> [WHAT YOU SHOULD DO]: Beginning with the line below that contains "Комплект: IP-видеокамера 4" and ending with the line that contains "Крест из красного золота 585 пробы", retype every line exactly. Pictures are not copied.

[DATA PROVIDED — start]

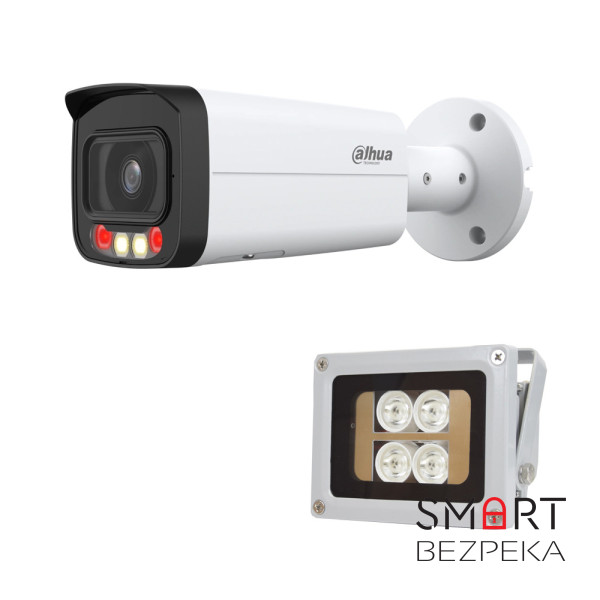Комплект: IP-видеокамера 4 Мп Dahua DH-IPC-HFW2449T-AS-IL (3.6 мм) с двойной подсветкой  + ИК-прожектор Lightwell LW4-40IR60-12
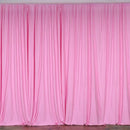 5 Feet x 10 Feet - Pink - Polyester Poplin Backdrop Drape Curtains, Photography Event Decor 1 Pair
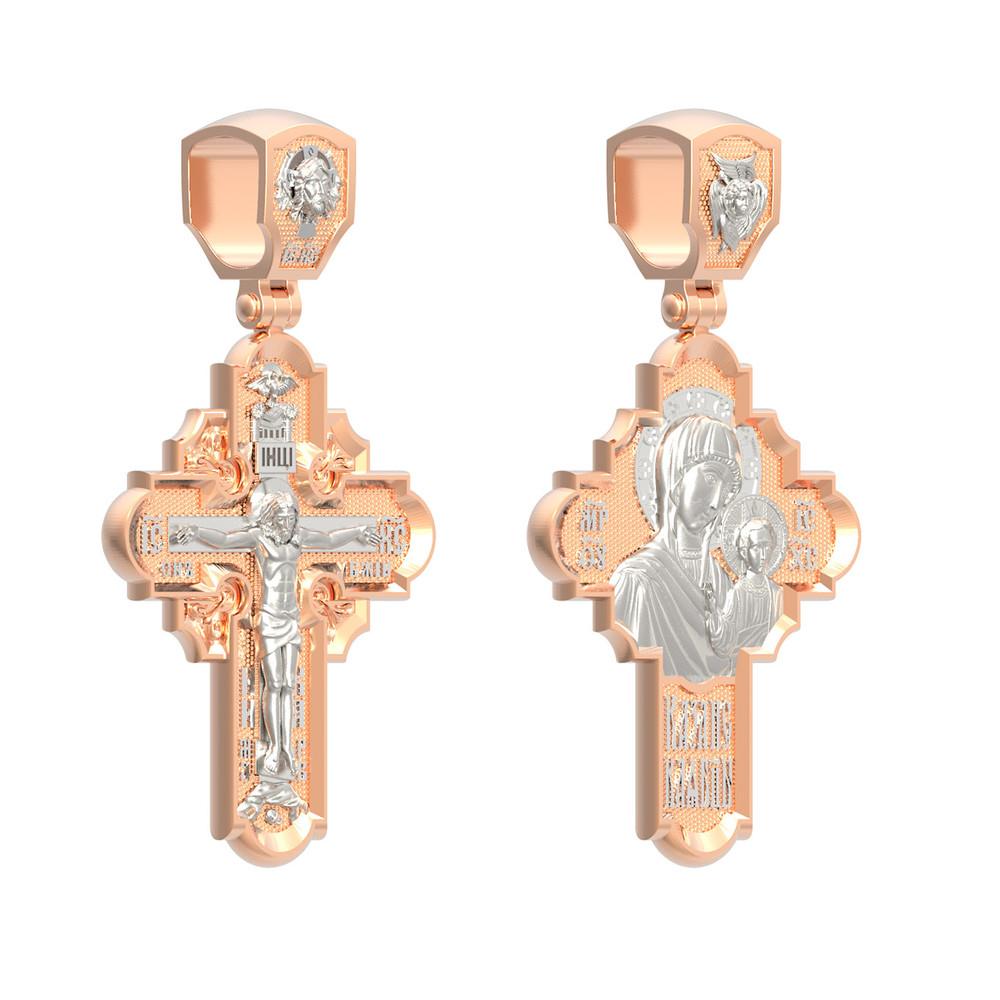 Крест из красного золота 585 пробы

[DATA PROVIDED — finish]
[DATA PROVIDED — start]

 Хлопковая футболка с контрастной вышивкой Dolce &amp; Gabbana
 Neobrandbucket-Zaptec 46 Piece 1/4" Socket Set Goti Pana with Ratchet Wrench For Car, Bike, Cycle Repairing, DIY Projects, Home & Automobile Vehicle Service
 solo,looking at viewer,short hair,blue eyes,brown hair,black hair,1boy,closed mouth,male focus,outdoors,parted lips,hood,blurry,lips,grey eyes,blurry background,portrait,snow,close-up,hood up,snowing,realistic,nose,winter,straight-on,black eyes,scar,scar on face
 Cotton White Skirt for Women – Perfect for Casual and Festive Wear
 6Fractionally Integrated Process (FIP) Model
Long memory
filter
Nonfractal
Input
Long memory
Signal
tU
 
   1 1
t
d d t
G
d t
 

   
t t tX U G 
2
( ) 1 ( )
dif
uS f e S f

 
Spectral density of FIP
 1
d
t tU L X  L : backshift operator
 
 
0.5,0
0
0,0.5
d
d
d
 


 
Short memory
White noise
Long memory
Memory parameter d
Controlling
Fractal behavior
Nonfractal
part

[DATA PROVIDED — finish]
[DATA PROVIDED — start]

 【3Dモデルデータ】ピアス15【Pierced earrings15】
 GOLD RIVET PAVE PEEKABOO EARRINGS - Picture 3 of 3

[DATA PROVIDED — finish]

> [EXERCISE OUTPUT]:
Комплект: IP-видеокамера 4 Мп Dahua DH-IPC-HFW2449T-AS-IL (3.6 мм) с двойной подсветкой  + ИК-прожектор Lightwell LW4-40IR60-12
 5 Feet x 10 Feet - Pink - Polyester Poplin Backdrop Drape Curtains, Photography Event Decor 1 Pair
 Крест из красного золота 585 пробы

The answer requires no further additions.